Between ice and fire.
A bit of poetry from Robert Frost ran through her head as she waited. She remembered memorizing it at the Catholic girls' school outside of Boston, back when her father used to visit her at night while her mother was drunk.
Some say the world will end in fire,
Some say in ice.
Krista did not care which it was, as long as she was on the winning side. She returned to studying the flames, but pictured another fire. One that had almost ruined everything. She had received an update shortly after midnight from a spotter in the English fells. He had reported on the success of the implanted incendiary charges. But the fire had quickly raged out of control, threatening all. She was forced to wait another two hours before she got the confirmation that the others had escaped the woods. That the operation continued as planned.
If I had failed there...
A chill swept through her.
It would have been a disaster, especially with the way matters fared at the Grand Hotel. It had taken her too long to discover that it had been Antonio Gravel who contacted the senator, and he ended up being a more cunning target than she had anticipated. After contacting the senator, the man had vanished. He wasn't at his hotel or at the summit. Only too late did she learn of his predilection for young hookers, those who didn't mind a bit of rough play. Unable to find him quickly enough, she had been forced to set up an ambush at the hotel. It was more brazen than she would have liked, but she had little time for subtlety. She had also hoped to take out two birds with one shot. She had ordered her men to kill Antonio as soon as he entered the hotel, then to use the chaos and confusion to assassinate the senator.

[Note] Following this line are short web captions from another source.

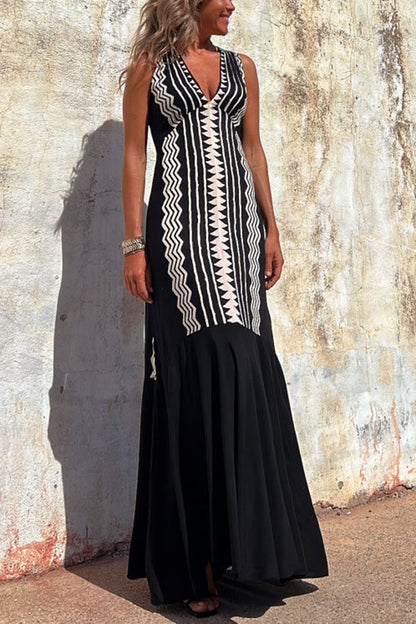 Sophisticated Dress with a Clean Classic Look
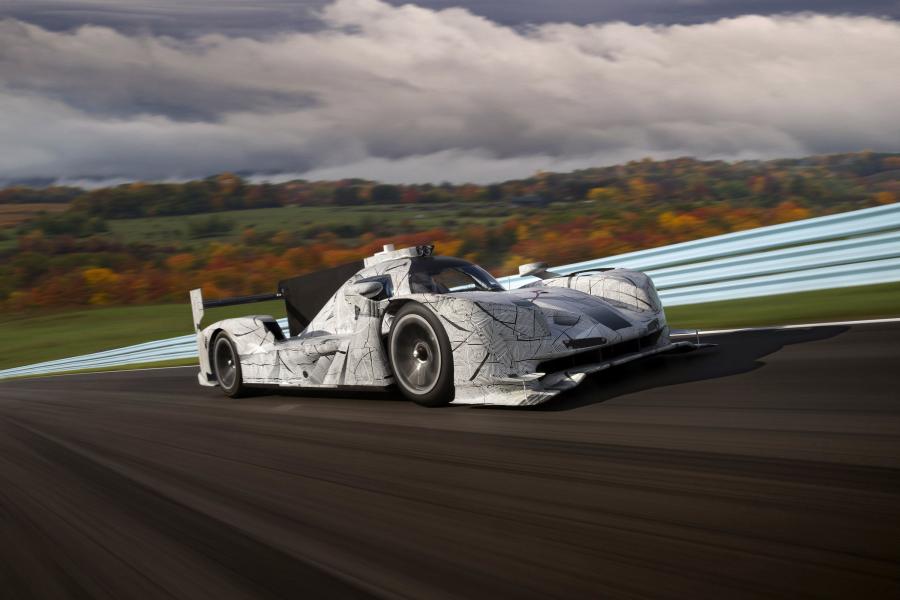  Cadillac DPi-V.R 2016 года  (фото 7 из 18)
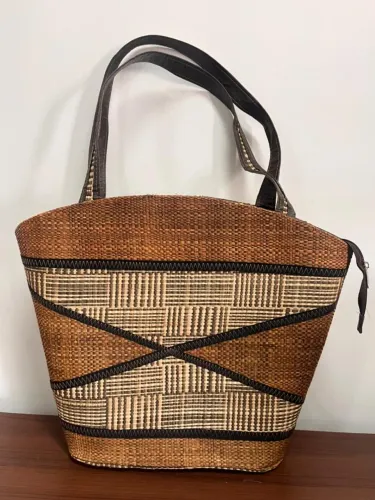 Bolsa Palha de Buriti Bege e marrom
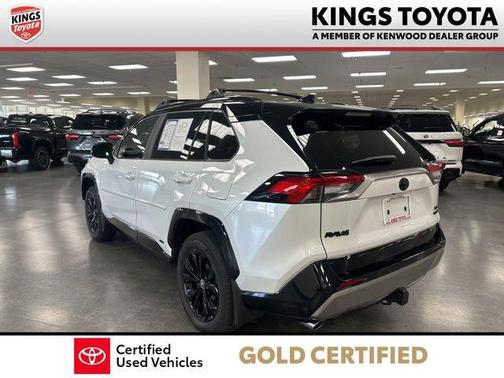 White 2024 Toyota RAV4 Hybrid SE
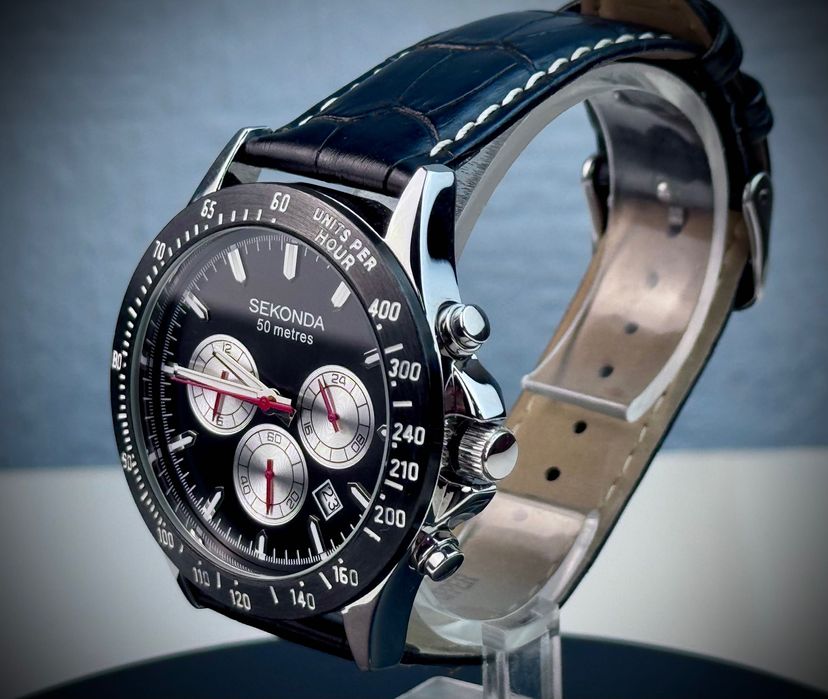 Продавам оригинален часовник Sekonda  – спортен, елегантен, стилен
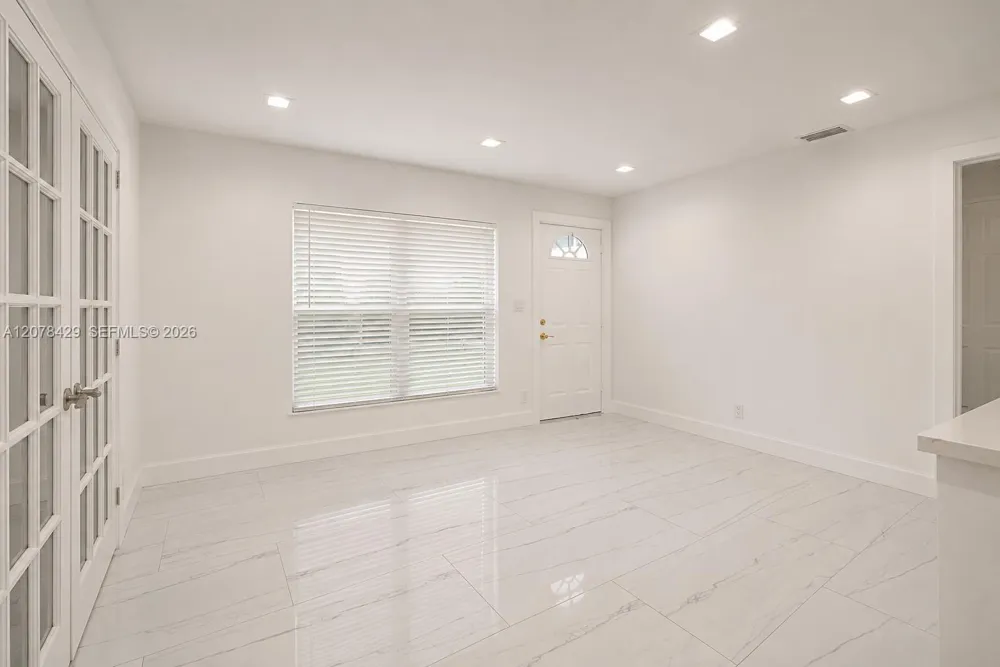 5225 NE 1st Ave Fort Lauderdale, FL 33334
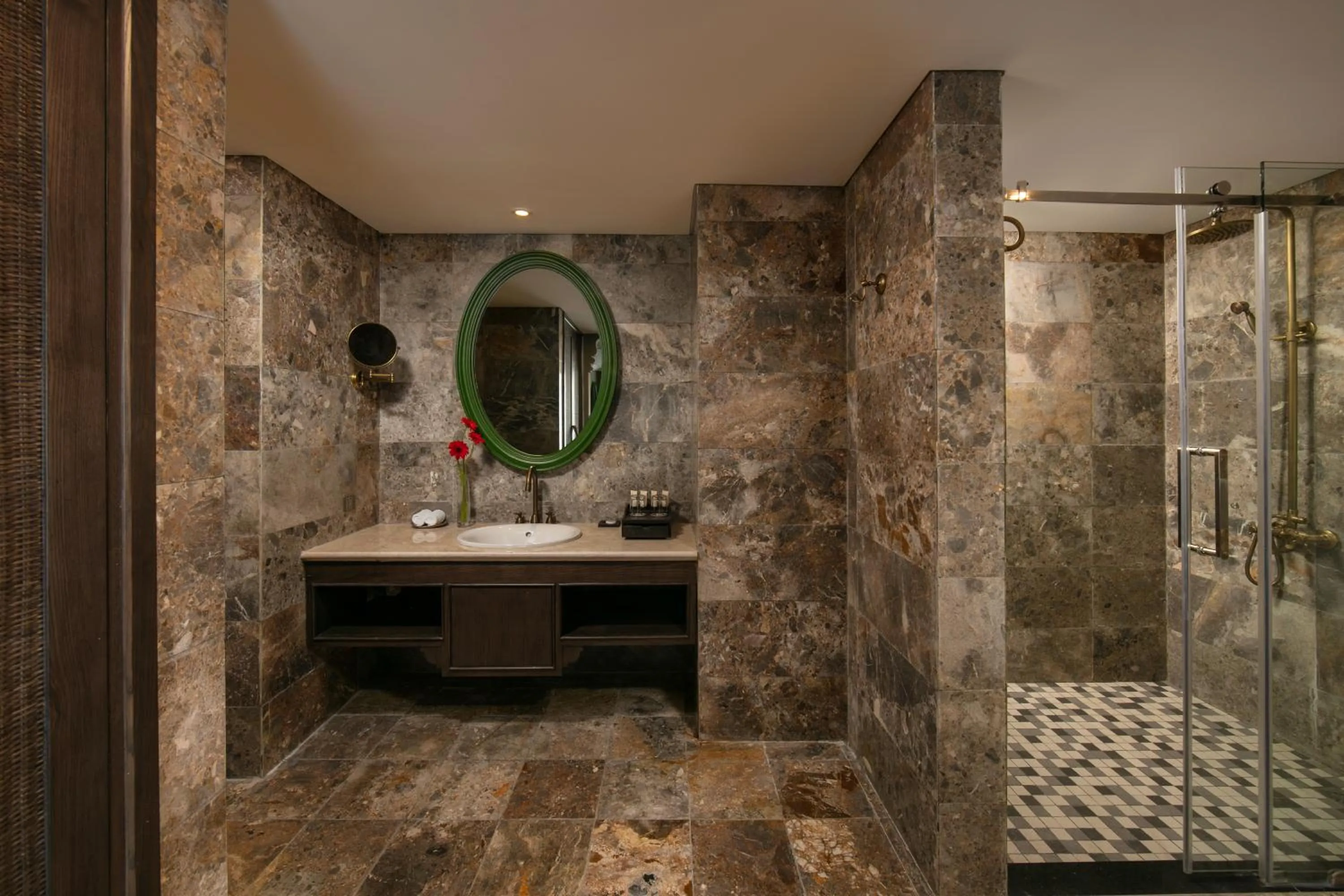 Toilet in Pistachio Hotel Sapa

Senator Gorman's death had not been specifically ordered. He was only supposed to be killed if Antonio spoke to him, but Krista did not like loose ends. Especially loose ends that could recognize her. Jason Gorman, love-struck over his new girlfriend, had sent pictures to his father.
Such exposure worried her.
And she didn't like to worry.
In the end, the senator had escaped, and not through any fault of her own. She had been explicitly instructed not to pursue the dark-haired Sigma operative. It was not her fault he had shown up.
Still, anxiety kept her tense and cold. She stayed close to the fire, the belt of her robe snugged tightly.
At last, her phone vibrated. She immediately brought it to her ear.
"I'm here," she said.
"I understand the operation in England continues as planned."
"It does." She let a little pride shine through.
"And Senator Gorman escaped."
Her vision narrowed, shadowed at the corners. All her earlier confidence evaporated upon hearing the tone of the man's voice.
"Yes," she forced out.
Silence stretched. Krista's heart pounded in her throat.
"Then we can proceed with the second tier of our plan."
Krista hid a long sigh of relief, but she was also confused. "Second tier?"
"To begin cleaning house in preparation for the endgame."
"Sir?"
"Echelon has met and reevaluated the coming scenarios. In the end, there seems little need for a continuing relationship with Viatus. We find Ivar Karlsen growing quickly into more of a liability. Especially after some strange events this past night at his research facility. His best use now is as a scapegoat, someone to draw fire away from us."
Krista let her mind go cold, recalibrating her role.
The man continued. "We have all the pertinent research. What Ivar Karlsen has set in motion cannot be reversed and will serve us in the end, with or without him."
"What am I to do?"
"You'll accompany him to Svalbard as planned and await further orders. I understand he's opted to leave earlier than expected."